A more interesting example would be a measure in which distances between occurrences of 1 are independent. It's like a renewal process except discrete and invariant under the shift map. Let $(p_i)_{i = 1}^{\infty}$ be a sequence of nonnegative numbers whose sum is 1 and also such that $\sum_i i p_i < \infty$, then you can build such an invariant measure $\mu$ where $\mu([10^{i-1}1] | [1]) = p_i$ for all $i$ and $\mu([1]) = \sum_i i p_i > 0$. To construct this measure, you first build the conditional one $\mu_{[1]}$ (a measure defined on the cylinder $[1] \subset \{0, 1\}^{\mathbb N}$) which corresponds to the discrete-time renewal process which has $(p_i)_{i = 1}^{\infty}$ as its distribution of holding times. This $\mu_{[1]}$ is not invariant under the shift map, but it is invariant under its first return map, so you can use Kakutani skyscraper construction to construct $\mu$ defined on $\{0,1\}^{\mathbb N}$. This measure is ergodic because its restriction to $[1]$ is ergodic with respect to the first return map.

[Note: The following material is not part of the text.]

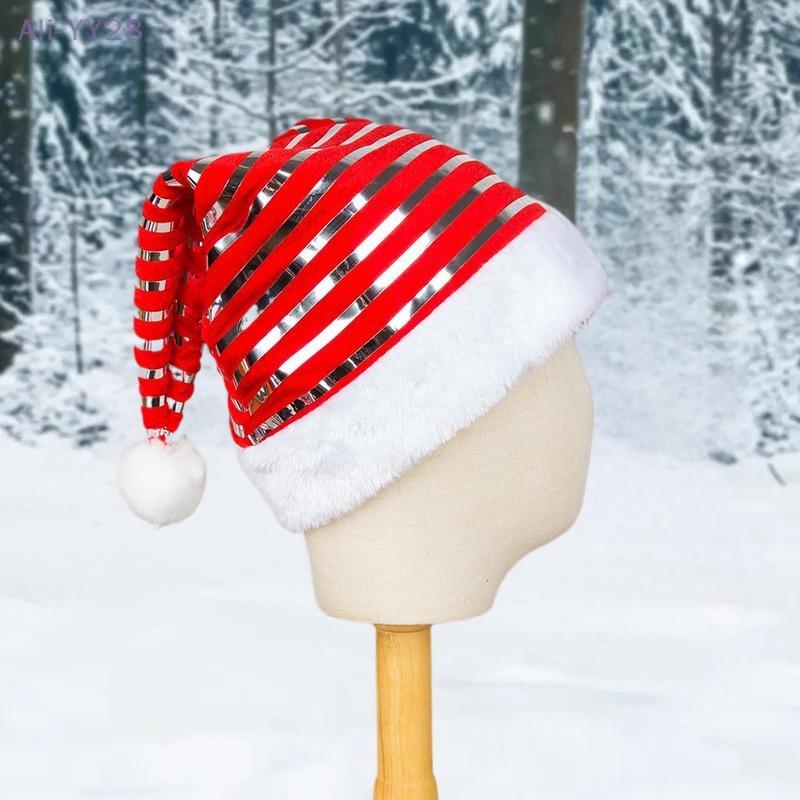 {HMA74} Green Red Stripe Velvet Christmas Hat Shiny Santa Hat Festive Party Cap for Adults Kids Festive Headwear Xmas Costume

You can then choose $(p_i)_{i = 1}^{\infty}$ in a way that it guarantees $\mu$ not being Markov. For example, you can make its support be the even shift (i.e. $p_i > 0$ if and only if $i$ is even).
Another interesting class of measures: measures corresponding to hidden Markov chains. These are measures that are factors of Markov measures.

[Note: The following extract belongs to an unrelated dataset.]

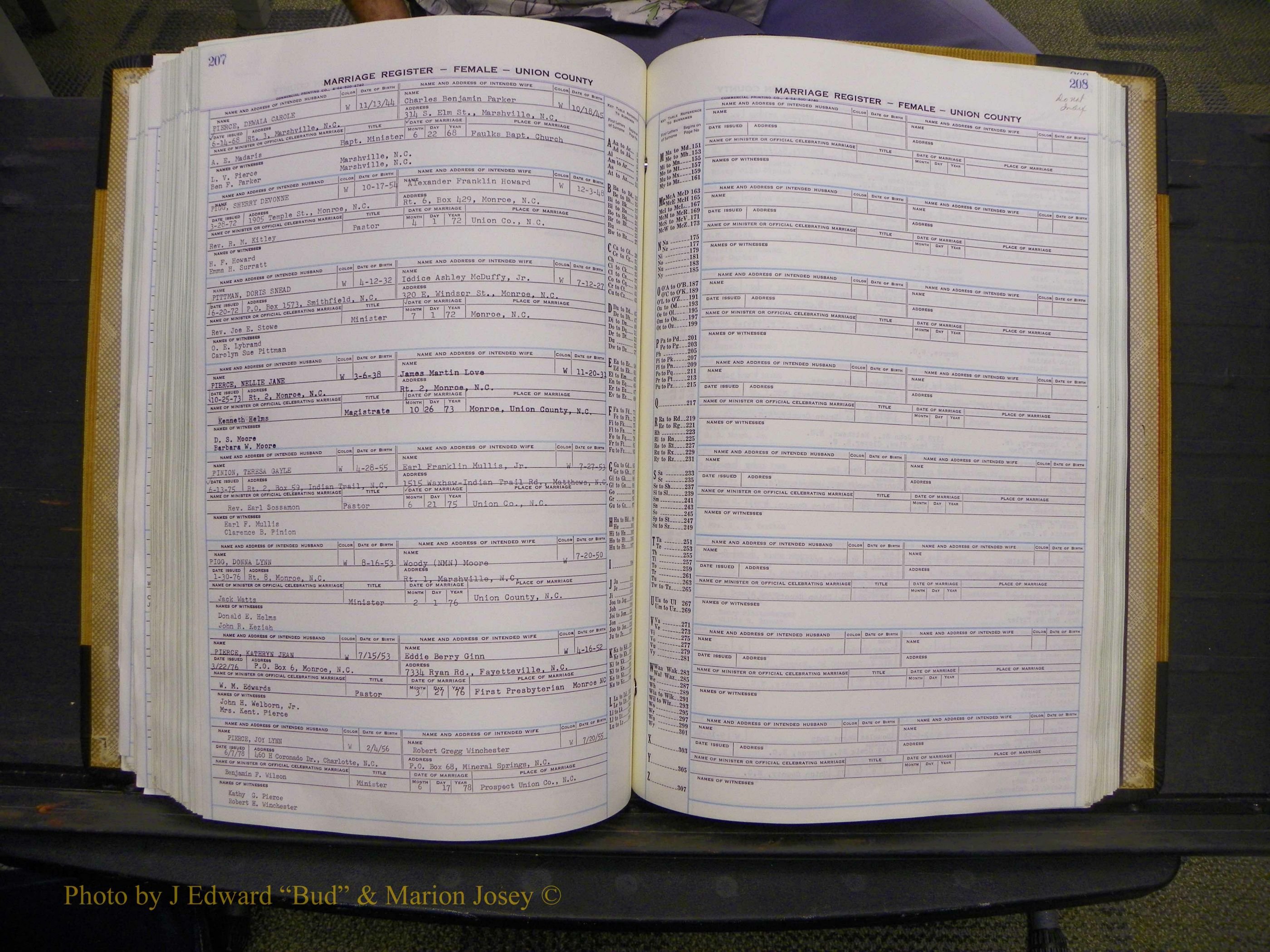 Union Co, NC Marriages Female Index, A-Z, 1966-1979 (227).JPG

More general class: measures from thermodynamic formalism, but things get very technical there.
Best Answer
Take a biased coin with probabilities $\{p_, 1-p_i\}$ in the $i$-th flip, where $0 < \delta < p_i < 1 - \delta < 1$ and represent heads buy $0$ and tails by $1$.
You can identify the space given by fliping that coin infinitely many times with $([0,1], \mu)$ just as you do in the case of a non-biased coin, i.e: associate $\{0\}\times \{0,1\}^\mathbb{N}$ with $[0,0.5)$ and $\{1\}\times \{0,1\}^\mathbb{N}$ with $[0,5,1)$ and continue that process further sub-diving $[0,1]$ into dyadic intervals. Both $\mu$ and the Lebesgue measure $m$ have the same null sets. The action on $[0,1]$ induced by "shifting" the sequence of flips is ergodic, but not measure preserving.
This transformations are called "Bernoulli shifts". It is still reasonable to ask whether there are ergodic transformations that do not admit any invariant measure.